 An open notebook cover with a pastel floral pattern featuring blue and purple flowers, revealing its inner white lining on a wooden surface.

_ _ _ _

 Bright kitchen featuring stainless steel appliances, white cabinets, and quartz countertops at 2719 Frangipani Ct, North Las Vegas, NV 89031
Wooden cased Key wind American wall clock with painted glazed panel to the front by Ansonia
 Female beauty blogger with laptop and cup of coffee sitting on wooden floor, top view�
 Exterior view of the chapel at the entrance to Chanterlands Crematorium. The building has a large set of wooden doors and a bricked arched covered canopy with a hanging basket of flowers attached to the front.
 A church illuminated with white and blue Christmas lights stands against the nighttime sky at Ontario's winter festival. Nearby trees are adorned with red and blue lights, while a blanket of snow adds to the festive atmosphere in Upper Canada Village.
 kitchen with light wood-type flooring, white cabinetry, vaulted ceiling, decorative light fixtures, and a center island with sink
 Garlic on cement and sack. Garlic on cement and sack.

_ _ _ _

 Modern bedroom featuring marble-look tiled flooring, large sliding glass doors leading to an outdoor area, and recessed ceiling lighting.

_ _ _ _

Your answer should be the lines above from the one containing "Wooden cased Key" through the one containing "Garlic on cement and sack. Garlic", copied exactly and with both ends kept.

Wooden cased Key wind American wall clock with painted glazed panel to the front by Ansonia
 Female beauty blogger with laptop and cup of coffee sitting on wooden floor, top view�
 Exterior view of the chapel at the entrance to Chanterlands Crematorium. The building has a large set of wooden doors and a bricked arched covered canopy with a hanging basket of flowers attached to the front.
 A church illuminated with white and blue Christmas lights stands against the nighttime sky at Ontario's winter festival. Nearby trees are adorned with red and blue lights, while a blanket of snow adds to the festive atmosphere in Upper Canada Village.
 kitchen with light wood-type flooring, white cabinetry, vaulted ceiling, decorative light fixtures, and a center island with sink
 Garlic on cement and sack. Garlic on cement and sack.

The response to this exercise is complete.